Two terms may be equal in their substantial breadth and depth, and differ in their essential breadth and depth. But two terms cannot have relations of substantial breadth and depth which are unknown in the state of information supposed, because in that state of information everything is known.
In informed breadth and depth, two terms may be equal, and may have unknown relations. Any term, affirmative or negative, universal or particular, may have informed breadth or depth.
§6. The Conceptions of Quality, Relation, and Representation, applied to this Subject
In a paper presented to the Academy last May, I endeavored to show that the three conceptions of reference to a ground, reference to a correlate, and references to an interpretant, are those of which logic must principally make use. I there also introduced the term “symbol,” to include both concept and word. Logic treats of the reference of symbols in general to their objects. A symbol, in its reference to its object, has a triple reference:—
1st, Its direct reference to its object, or the real things which it represents;
2d, Its reference to its ground through its object, or the common characters of those objects;
3d, Its reference to its interpretant through its object, or all the facts known about its object.

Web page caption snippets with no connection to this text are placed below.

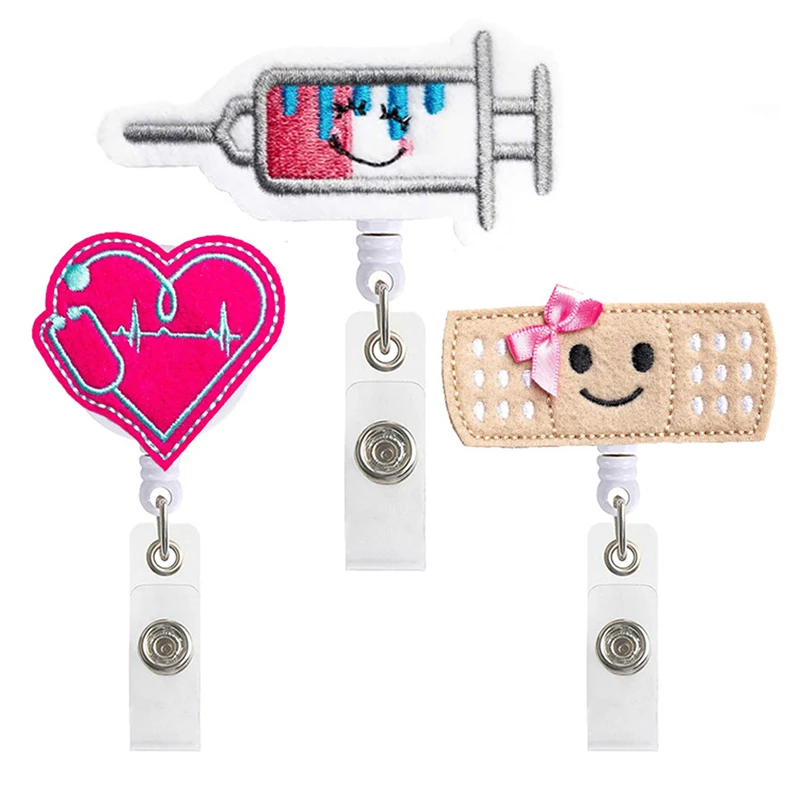 

Retractable Badge Reel Nurse Exhibiton Name Card Badge Holder Cute Key Card Holder Love Heart Name Tag Id Badge Clip 3Patterns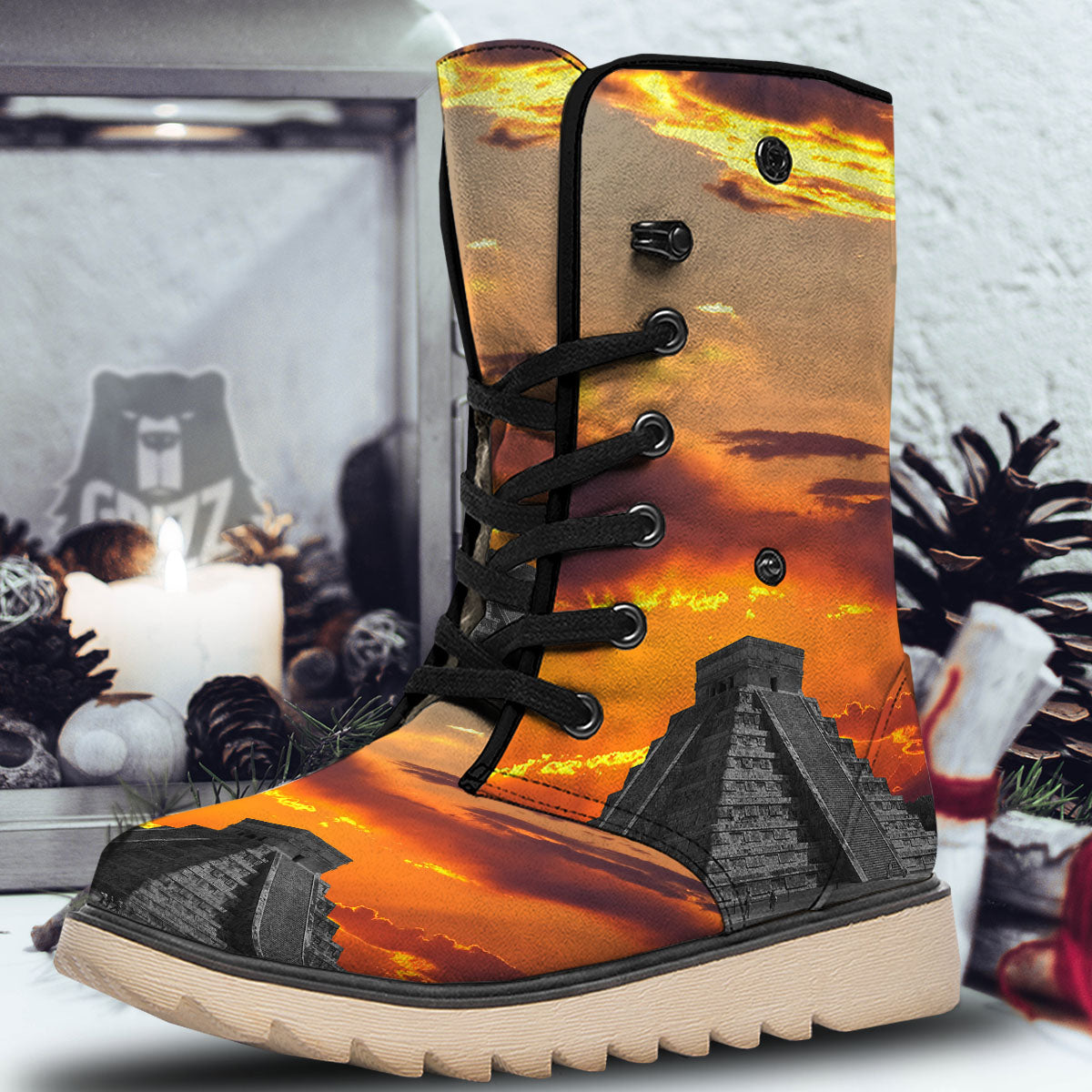Civilization Mayan Print Snow Boots-grizzshop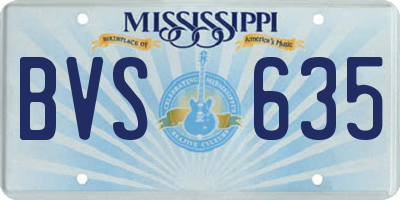 MS license plate BVS635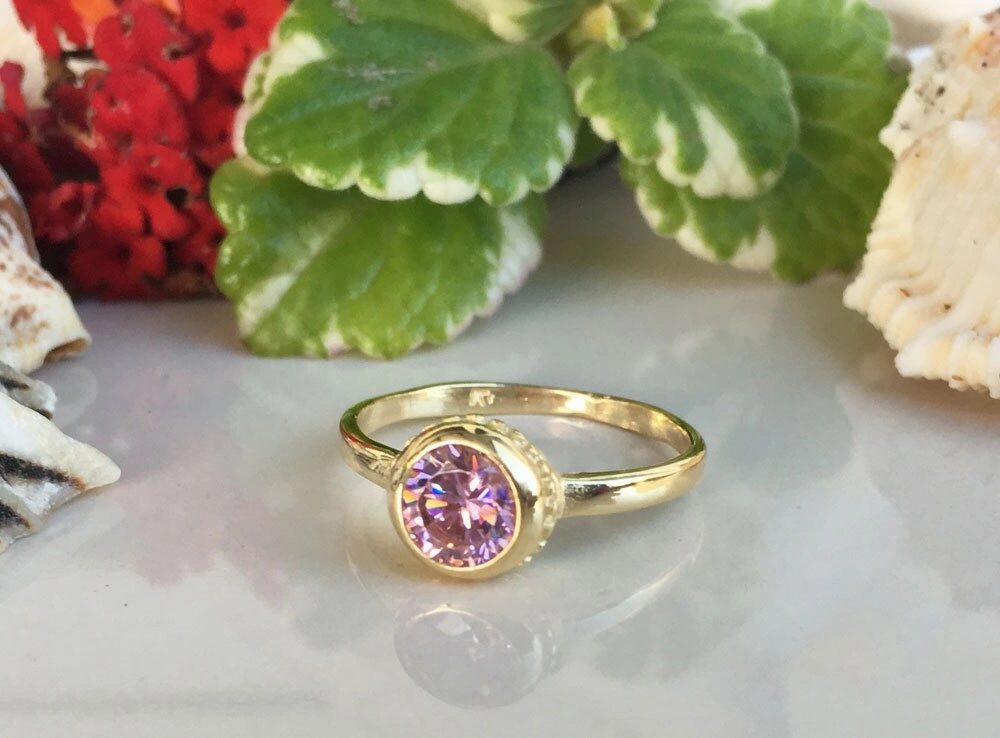 October Birthstone Round Rose Quartz Simple Bezel Ring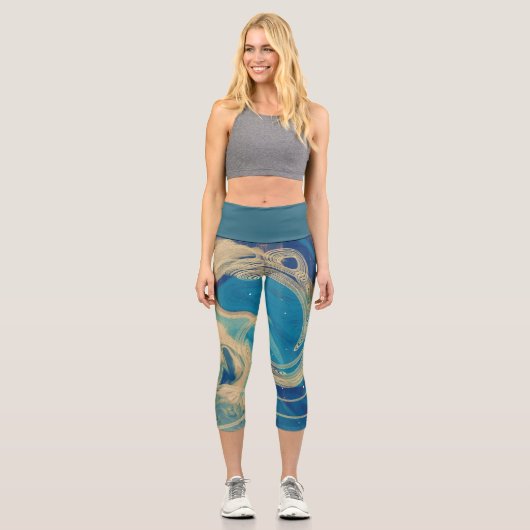 Blaue geometrische Abstrakte Waves Capri Leggings (Vorderseite)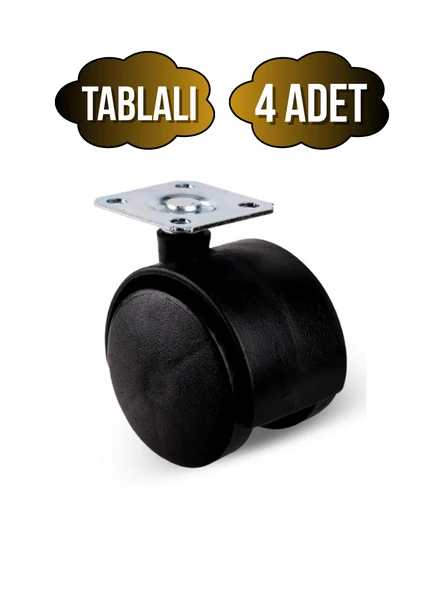 Düz Tablalı Tekerlek 50mm Masa Sehpa Dolap Tekeri(SİYAH)(50MM) Siyah SİYAH - 4 ADET ürün görseli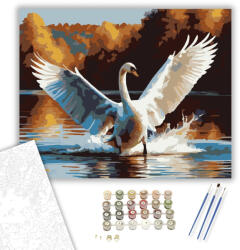  Felszálló Hattyú az Őszi Tavon - számfestő készlet - 40×50 cm (Keretre feszítve)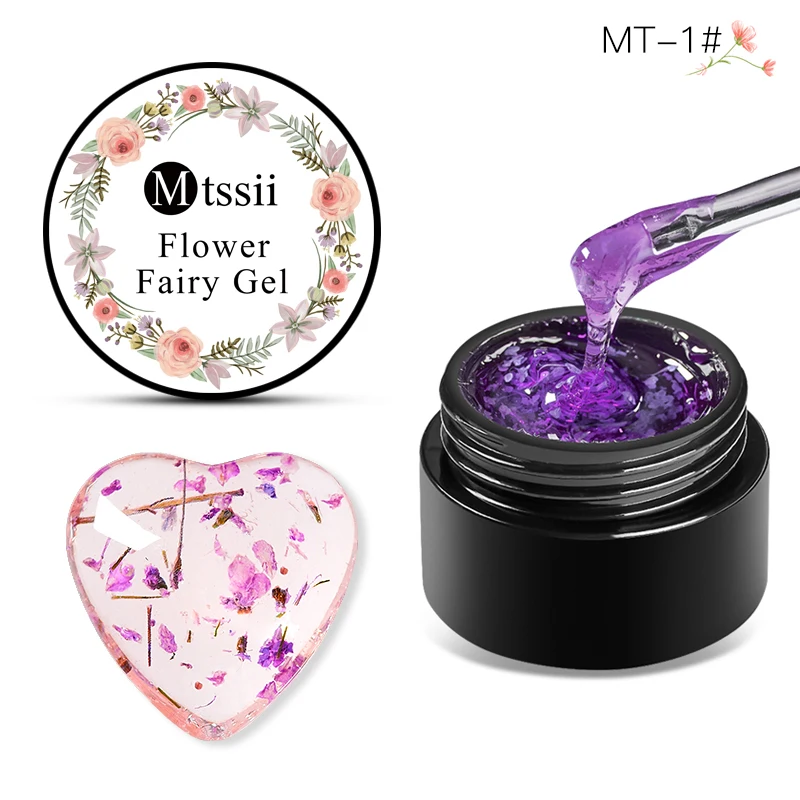 

Mtssii 5ml Floral Uv Gel Flowers Gel Nail Polish Natural Dried Flower Gel Colorful Soak Off UV Painting Nail Art Gel Varnish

What are thus referred to, so far as they are known, are:—
1st, The informed breadth of the symbol;
2d, The informed depth of the symbol;
3d, The sum of synthetical propositions in which the symbol is subject or predicate, or the information concerning the symbol.
By breadth and depth, without an adjective, I shall hereafter mean the informed breadth and depth.
It is plain that the breadth and depth of a symbol, so far as they are not essential, measure the information concerning it, that is, the synthetical propositions of which it is subject or predicate. This follows directly from the definitions of breadth, depth, and information. Hence it follows:—
1st, That, as long as the information remains constant, the greater the breadth, the less the depth;
2d, That every increase of information is accompanied by an increase in depth or breadth, independent of the other quantity;
3d, That, when there is no information, there is either no depth or no breadth, and conversely.
These are the true and obvious relations of breadth and depth. They will be naturally suggested if we term the information the area, and write—
Breadth x Depth = Area.
If we learn that S is P, then, as a general rule, the depth of S is increased without any decrease of breadth, and the breadth of P is increased without any decrease of depth. Either increase may be certain or doubtful.
It may be the case that either or both of these increases does not take place. If P is a negative term, it may have no depth, and therefore adds nothing to the depth of S. If S is a particular term, it may have no breadth, and then adds nothing to the breadth of P. This latter case often occurs in metaphysics, and, on account of not-P as well as P being predicated of S, gives rise to an appearance of contradiction where there really is none; for, as a contradiction consists in giving to contradictory terms some breadth in common, it follows that, if the common subject of which they are predicated has no real breadth, there is only a verbal, and not a real contradiction. It is not really contradictory, for example, to say that a boundary is both within and without what it bounds. There is also another important case in which we may learn that “S is P,” without thereby adding to the depth of S or the breadth of P. This is when, in the very same act by which we learn that S is P, we also learn that P was covertly contained in the previous depth of S, and that consequently S was a part of the previous breadth of P. In this case, P gains in extensive distinctness and S in comprehensive distinctness.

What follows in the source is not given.